Unemployment rates were generally little changed or slightly lower at the regional and state levels last month, according to a new U.S. Bureau of Labor Statistics report. Thirty-nine states recorded unemployment rate decreases, three states and the District of Columbia registered rate increases, and eight states had no rate change.
Forty-six states and the District of Columbia posted unemployment rate decreases from a year earlier, three states reported increases, and one state had no change, noted the federal government report. The national jobless rate nudged up by 0.2 percentage point between March and April to 9.0 percent, but was 0.8 point lower than a year earlier.
In the month of April, nonfarm payroll employment increased in 42 states and the District of Columbia and decreased in eight states. The biggest over-the-month increase in employment happened in New York (+45,700), followed by Texas (+32,900), Pennsylvania (+23,700), Massachusetts (+19,500), and Florida (+14,900).
Over the year, nonfarm employment increased in 46 states and the District of Columbia and decreased in 4 states. The largest over-the-year percentage increase occurred in North Dakota (+3.9 percent),
followed by Alaska and Texas (+2.5 percent each) and Nebraska (+1.9 percent).
Meanwhile, this past April, American employers took 1,564 mass-layoff actions involving 143,927 workers according to a new report released by the U.S. Bureau of Labor Statistics.
Each mass-layoff action involved at least 50 workers from a single employer. The number of mass-layoff events in April increased by 278 from March, as the number of associated initial claims increased by 25,404.
Eleven of the 19 major industry sectors in the private economy reported year-over-year declines in initial claims, with the largest decreases occurring in manufacturing, information, and professional and technical services.
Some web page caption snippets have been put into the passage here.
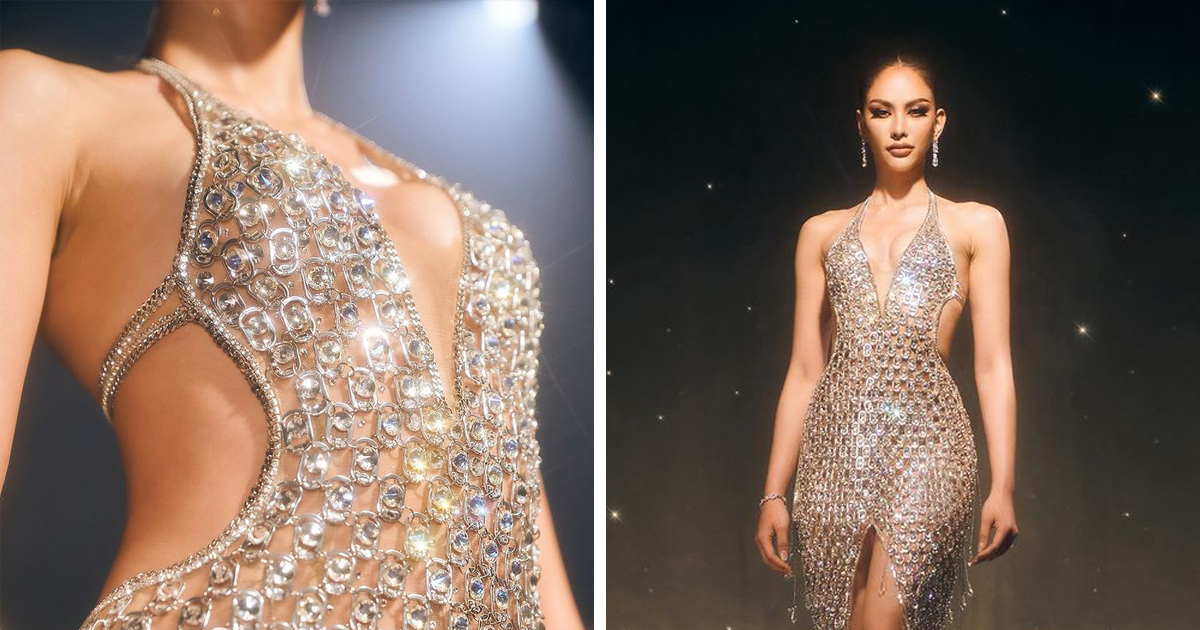Miss Tailandia rinde homenaje a sus padres con un deslumbrante vestido hecho de anillas de latas recicladas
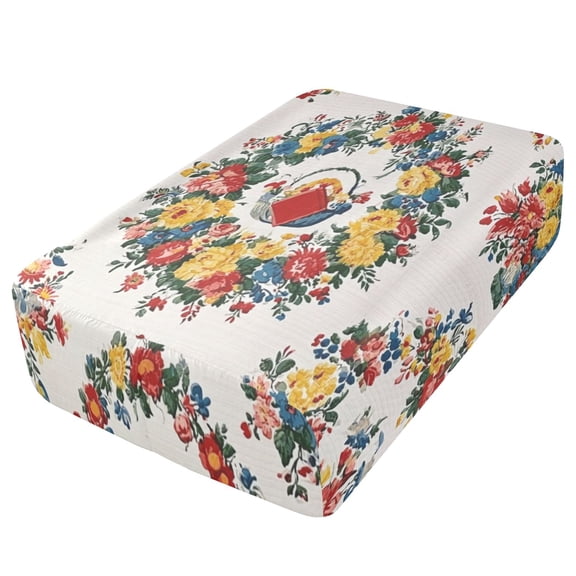 Premium Soft Fitted Sheet for Blow Up Bed Mattress Sheets with Zipper for Camping Office Bedroom, Vintage Floral Basket Print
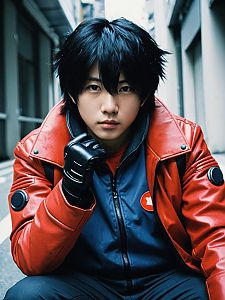 Man Realistic Akira Tsuchiya Cosplay in Red Leather Jacket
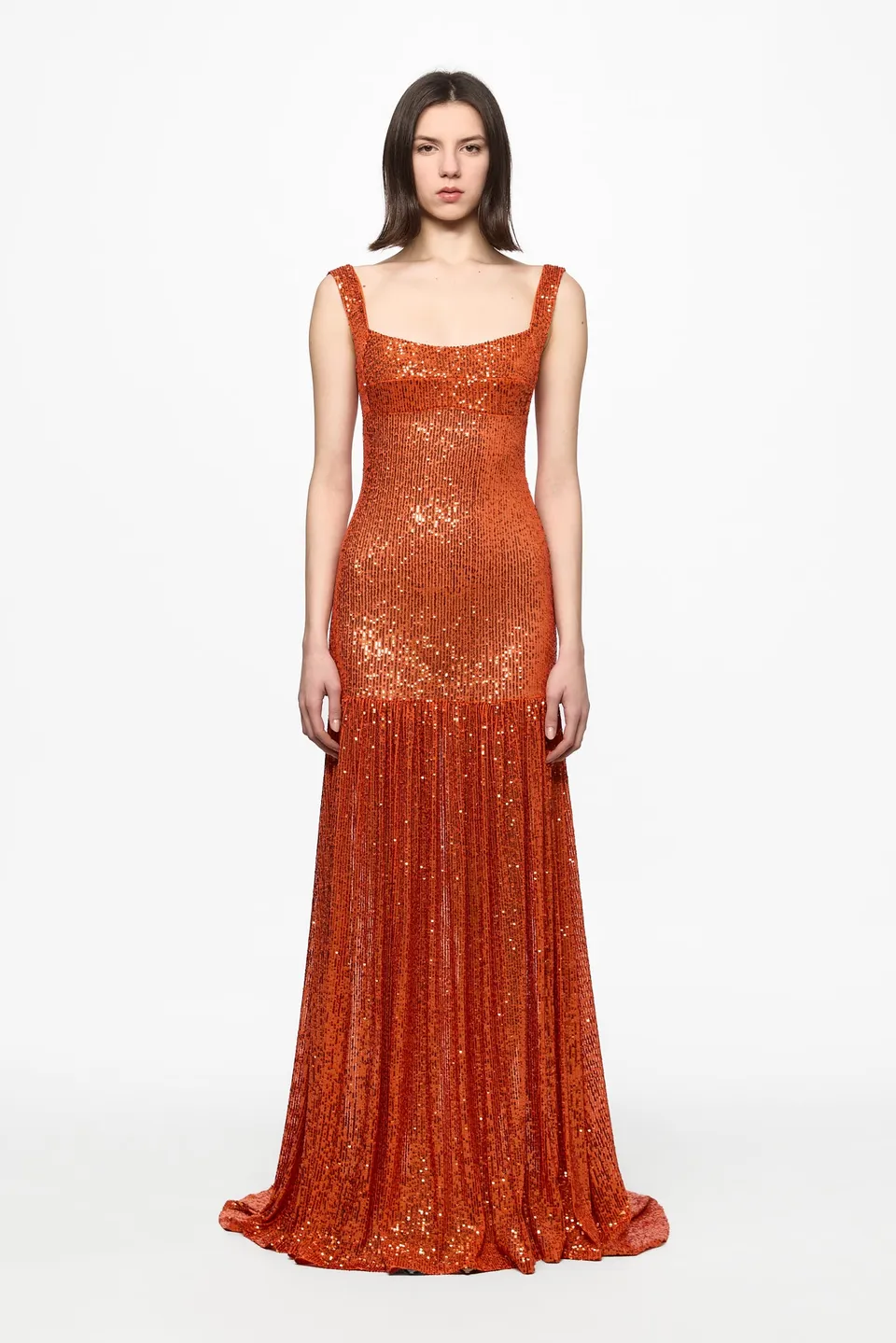 ATU Body Couture Sequins and Feathers robe maxi orange plumes taille S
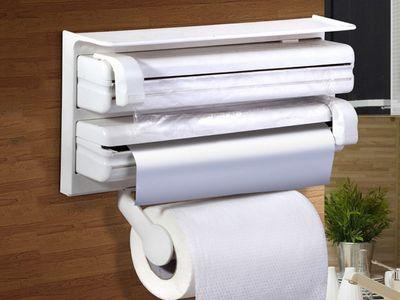 Triple Paper Dispenser | 4 in 1 Foil Cling Film Tissue Paper Roll Holder for Kitchen with Spice Rack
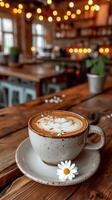 AI generated Cup of Cappuccino on Wooden Table photo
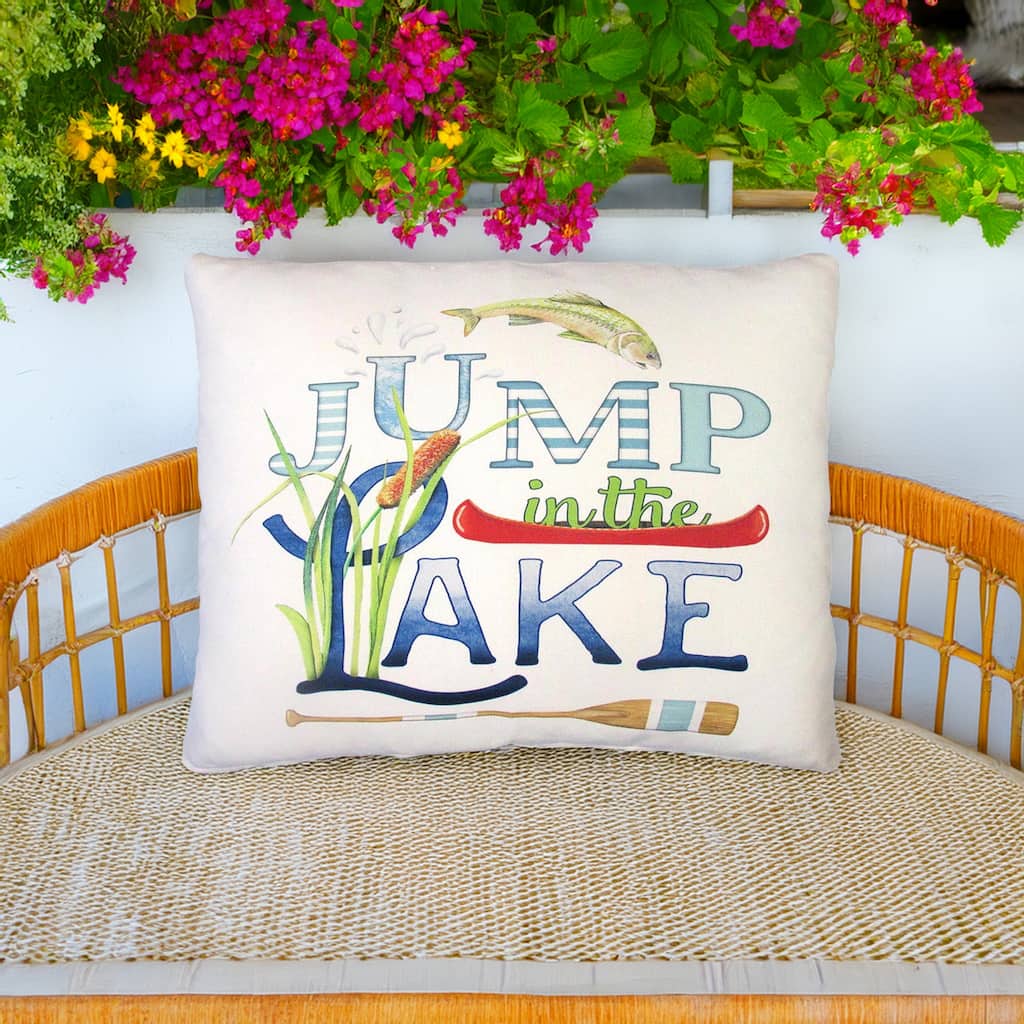 Magnolia Casual Outdoor Pillow Jump in Lake 19x24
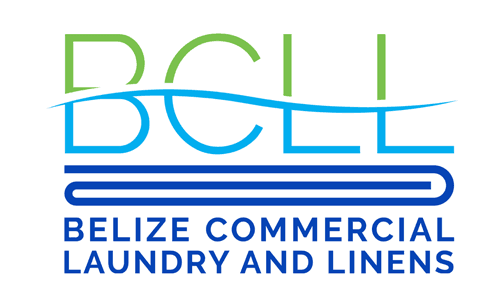 Logo for Belize Commercial Laundry and Linens (BCLL) featuring stylized text and a wave design.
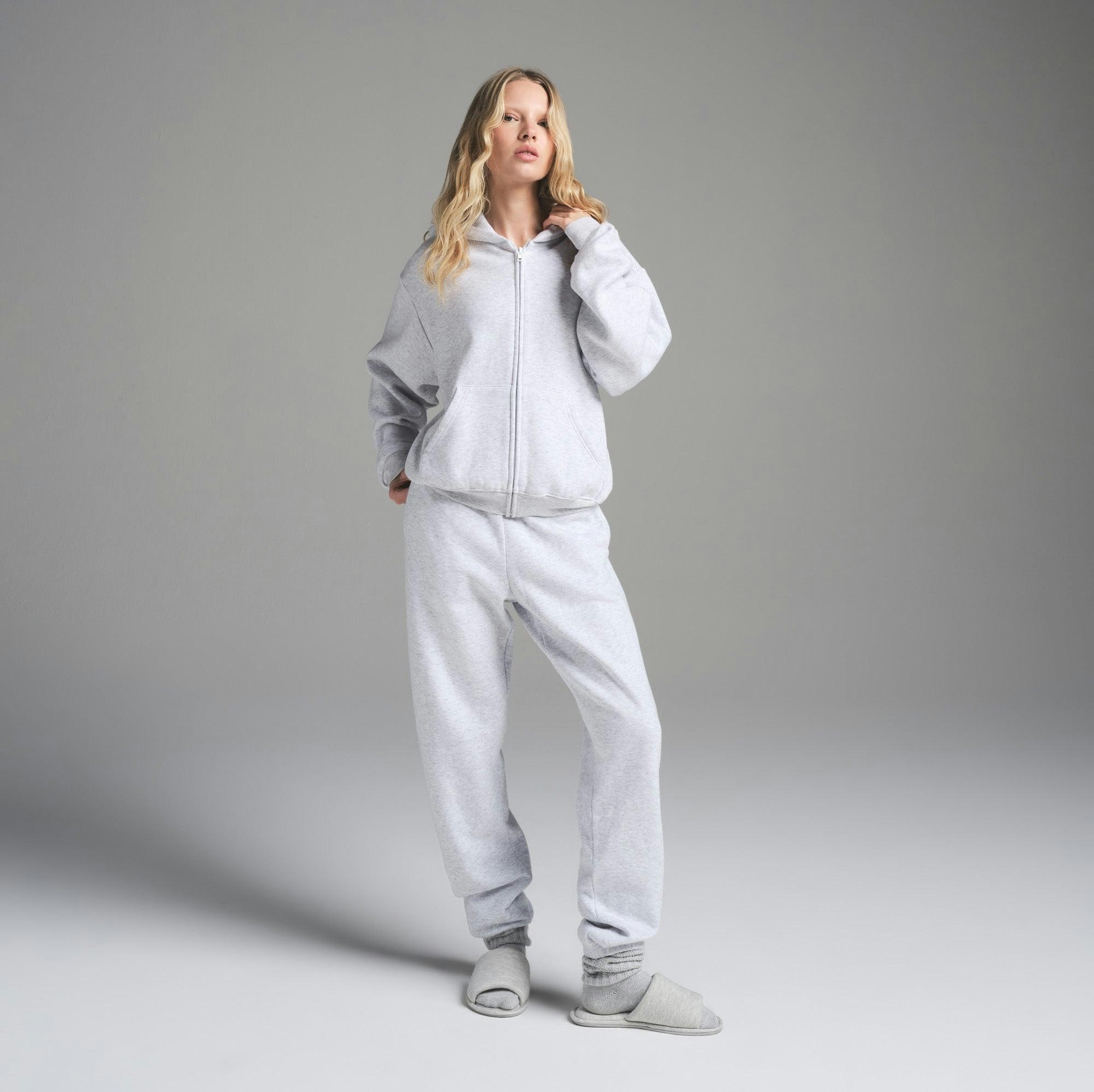 COTTON FLEECE CLASSIC ZIP UP HOODIE | LIGHT HEATHER GREY Product Image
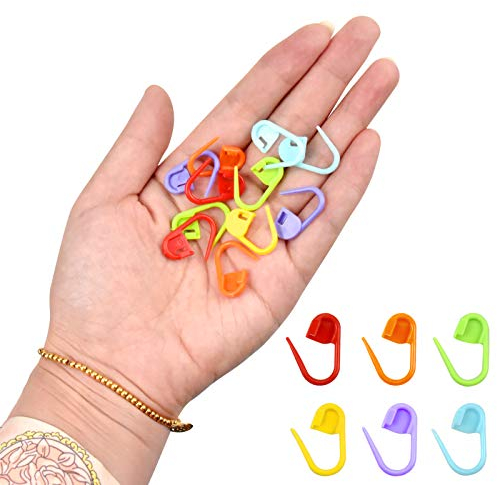 Maschenmarkierer,300 Stück Strickzubehör Maschenmarkierer,6 Farben Maschenmarkierer Häkeln,Nähen Stricken Locking Stitch,Mit Aufbewahrungs Box,für DIY-Nähen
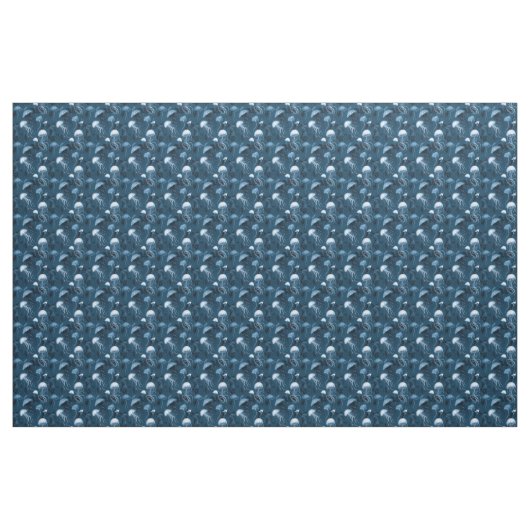 Deep Blue Jellyfish Fabric Stoff (Yard (91,4 cm))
Specifically, the manufacturing sector reported 327 mass layoffs in April resulting in 35,022 initial claims; both figures were increases from March. The national unemployment rate was 9.0 percent in April, up from 8.8 percent in March but down from 9.8 percent a year earlier.
Not seasonally adjusted, the number of mass layoffs in April was 1,750, resulting in 189,919 initial claims. The number of mass layoffs was down by 90 from April 2010, and associated initial claims decreased by 9,771.